O anúncio foi celebrado pela Associação Brasileira de Proteína Animal (ABPA), que destacou o trabalho conduzido pelo Ministério da Agricultura e Pecuária (MAPA), em parceria com o Ministério das Relações Exteriores (MRE), a ApexBrasil, os serviços estaduais de defesa agropecuária e o setor produtivo nacional.

A decisão representa um marco para a suinocultura brasileira e reforça o reconhecimento internacional da qualidade e da robustez do sistema de defesa sanitária do país.

Reconhecimento amplia oportunidades para a suinocultura brasileira

Segundo a ABPA, o novo status sanitário deverá gerar benefícios imediatos para estados que possuem frigoríficos habilitados a exportar para a China.

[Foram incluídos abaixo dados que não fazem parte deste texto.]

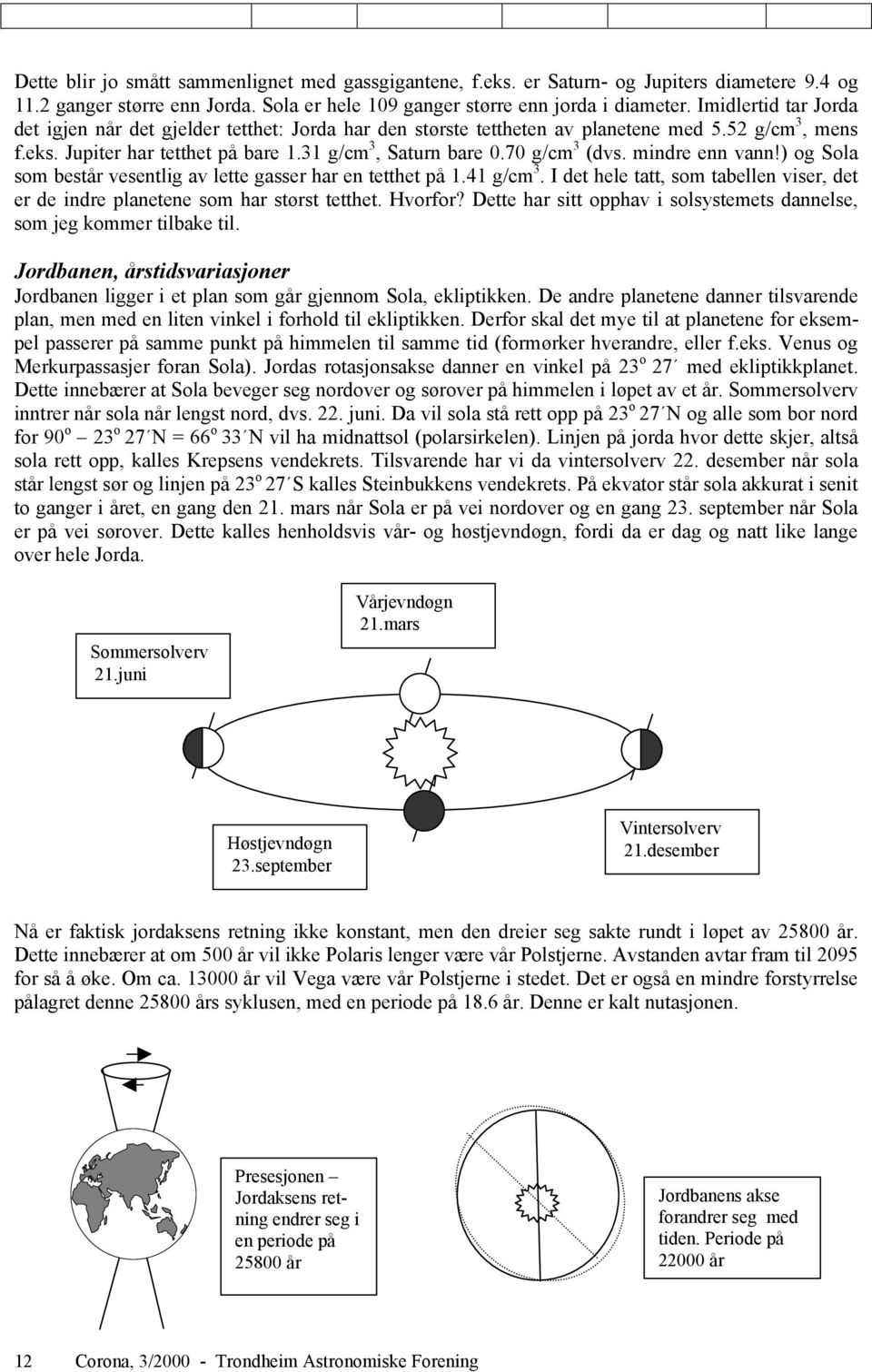 mindre enn vann!) og Sola som består vesentlig av lette gasser har en tetthet på 1.41 g/cm 3. I det hele tatt, som tabellen viser, det er de indre planetene som har størst tetthet. Hvorfor?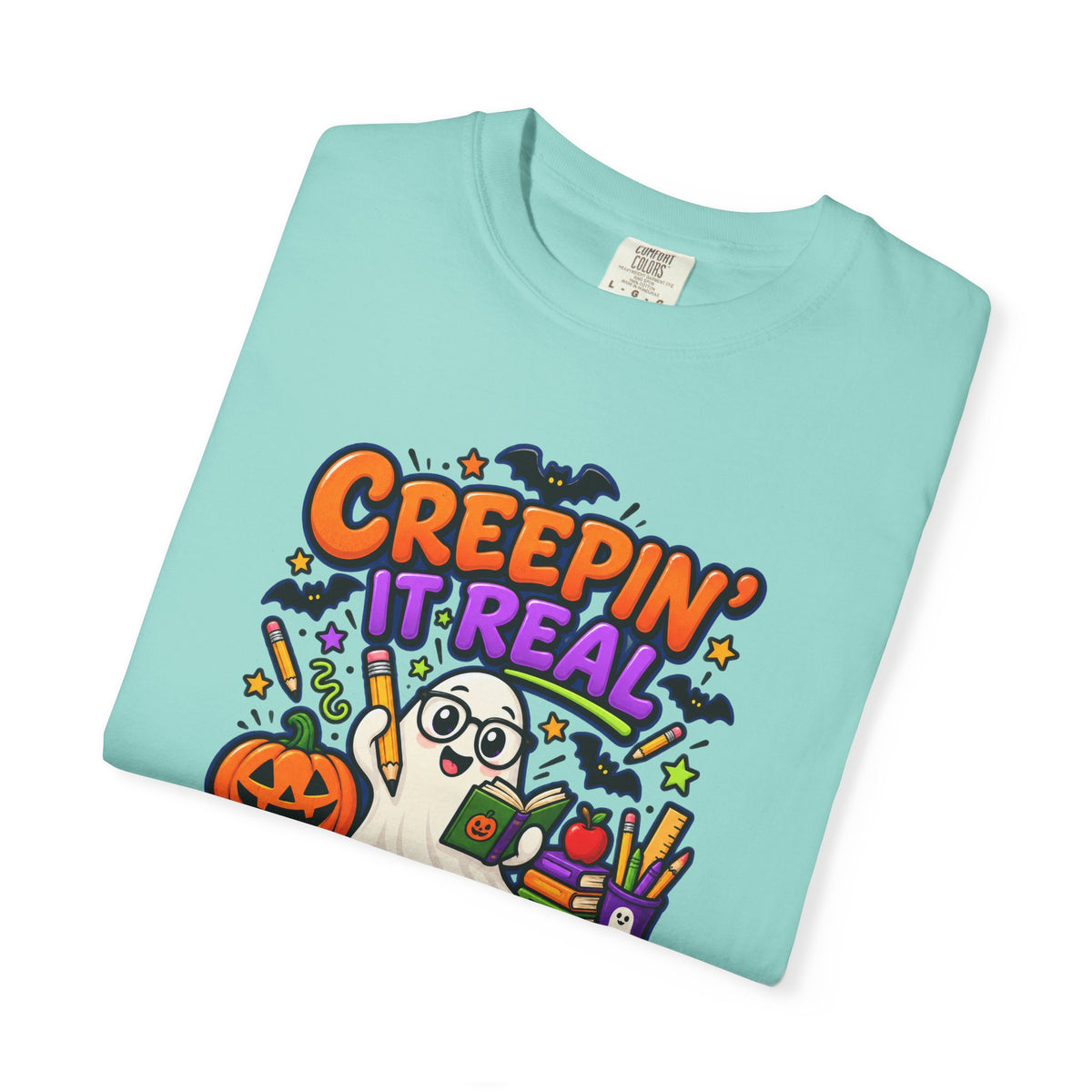 Creepin' It Real in the Classroom Halloween T-Shirt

Até então, apenas Santa Catarina possuía o reconhecimento de área livre de febre aftosa sem vacinação perante as autoridades chinesas, condição que permitia o embarque de produtos com maior valor agregado, como carnes com osso e miúdos externos.

Com a ampliação do reconhecimento para todo o território nacional, estados como Rio Grande do Sul e Mato Grosso passam a ter acesso às mesmas condições comerciais, ampliando a competitividade da carne suína brasileira no principal mercado consumidor do mundo.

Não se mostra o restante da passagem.